---------- INFORMATION GIVEN

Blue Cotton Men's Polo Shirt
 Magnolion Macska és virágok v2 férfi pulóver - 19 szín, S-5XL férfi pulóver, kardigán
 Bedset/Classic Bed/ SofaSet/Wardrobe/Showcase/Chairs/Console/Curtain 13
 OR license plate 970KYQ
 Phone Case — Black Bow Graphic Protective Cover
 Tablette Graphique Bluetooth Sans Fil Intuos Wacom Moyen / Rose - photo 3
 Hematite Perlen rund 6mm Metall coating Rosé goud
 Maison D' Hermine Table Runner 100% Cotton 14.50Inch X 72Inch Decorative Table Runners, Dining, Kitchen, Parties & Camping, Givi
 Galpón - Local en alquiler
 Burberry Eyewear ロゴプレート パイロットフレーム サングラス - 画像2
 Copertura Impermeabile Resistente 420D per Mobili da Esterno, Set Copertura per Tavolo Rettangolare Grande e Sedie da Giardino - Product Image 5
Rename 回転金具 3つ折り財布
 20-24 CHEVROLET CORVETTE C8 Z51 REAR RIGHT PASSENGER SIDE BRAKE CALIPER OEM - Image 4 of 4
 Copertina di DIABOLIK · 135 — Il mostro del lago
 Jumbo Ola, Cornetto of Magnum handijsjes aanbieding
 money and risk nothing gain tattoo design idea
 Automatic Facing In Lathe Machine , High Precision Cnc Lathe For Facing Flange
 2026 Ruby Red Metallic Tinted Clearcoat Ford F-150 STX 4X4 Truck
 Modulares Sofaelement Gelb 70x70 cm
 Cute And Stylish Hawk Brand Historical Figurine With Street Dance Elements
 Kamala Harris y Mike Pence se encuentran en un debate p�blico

--------------------

* _WORK REQUEST_: All lines of the records above with the word "Image" in them are to be copied.

* _FINAL ANSWER_:
 Copertura Impermeabile Resistente 420D per Mobili da Esterno, Set Copertura per Tavolo Rettangolare Grande e Sedie da Giardino - Product Image 5
 20-24 CHEVROLET CORVETTE C8 Z51 REAR RIGHT PASSENGER SIDE BRAKE CALIPER OEM - Image 4 of 4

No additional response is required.